In 1766, he built the Church of Faneromeni in Aigio. During the Orlov Revolt, while in Aigio, he raised the flag of the revolution, expelled the Ottomans from the city, and then campaigned against Kalavryta. The abbot of Mega Spilaio, carrying a cross and accompanied by monks, managed to break the siege of the city. They entered the city, rescued the Turkish families along with their sacred relics, and safely transported them to the Gulf of Crissia or the Gulf of Itea. For this assistance, the Sultan honored Mega Spilaio by granting it a permanent guard of honor from Albanians, and Kalavryta faced no adverse consequences.

After the failure of the revolution, Parthenios fled first to Zakynthos under the protection of the Russian fleet and later to Saint Petersburg, where he sought refuge at the court of Catherine the Great. The Tsarina granted him some land for his livelihood, as he could not return to his position due to his deposition.

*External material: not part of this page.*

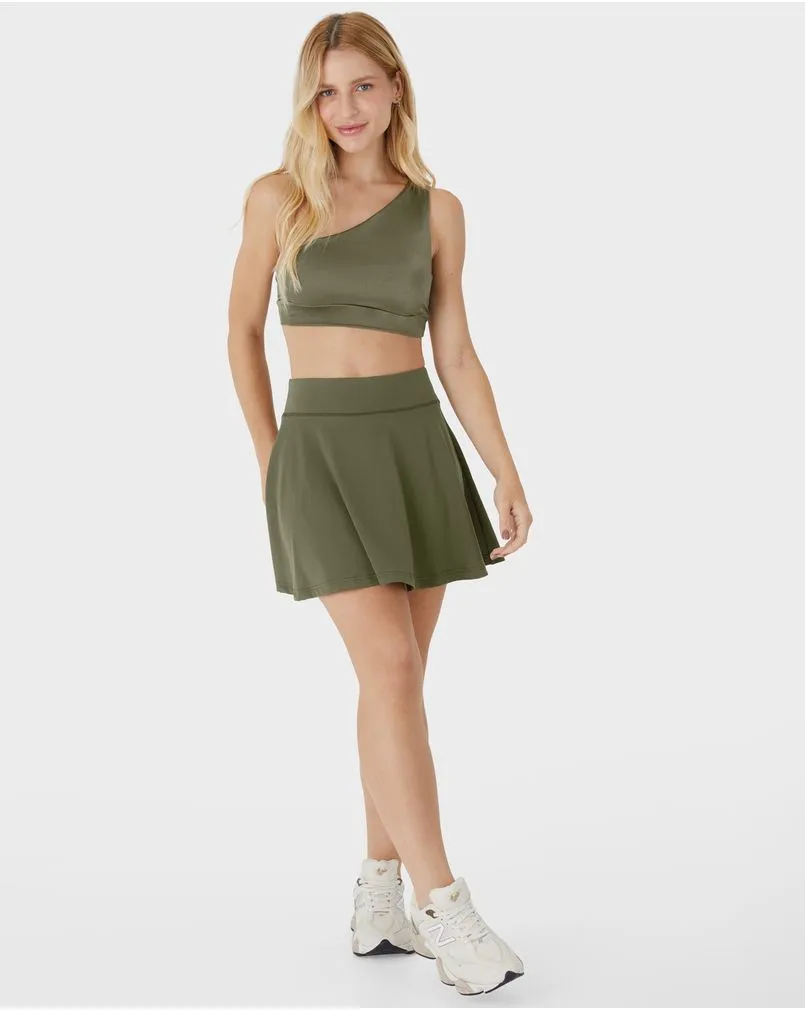 Modelo loira da marca Enfim Active veste um conjunto de academia verde militar, com top de um ombro só e saia plissada.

He died in 1786 and was buried in the Donskoy Monastery in Moscow, where his tomb still exists today.

==Sources==
- Στέφανος Θωμόπουλος, Ιστορία της πόλεως των Πατρών, Τόμος Α΄, έκδοση τέταρτη, Αχαϊκές εκδόσεις 1998, ISBN 960-7960-10-6.
- Κ. Σάθας "Τουρκοκρατούμενη Ελλάδα - Ιστορία των Ελλήνων από την Άλωση ως το 21" τομ.4 Εκδ. Νέα Σύνορα - Α. Α. Λιβάνη Αθήνα 1995, τ.4ος, σ. 12.
- Μιχαήλ Β. Σακελλαρίου, Η Πελοπόννησος κατά την δεύτερην Τουρκοκρατίαν (1715–1821), Αθήνα 1939, επανέκδοση 2000.
- Κώστας Τριανταφύλλου, Ιστορικόν λεξικόν των Πατρών, Πάτρα 1995, 3η έκδοση.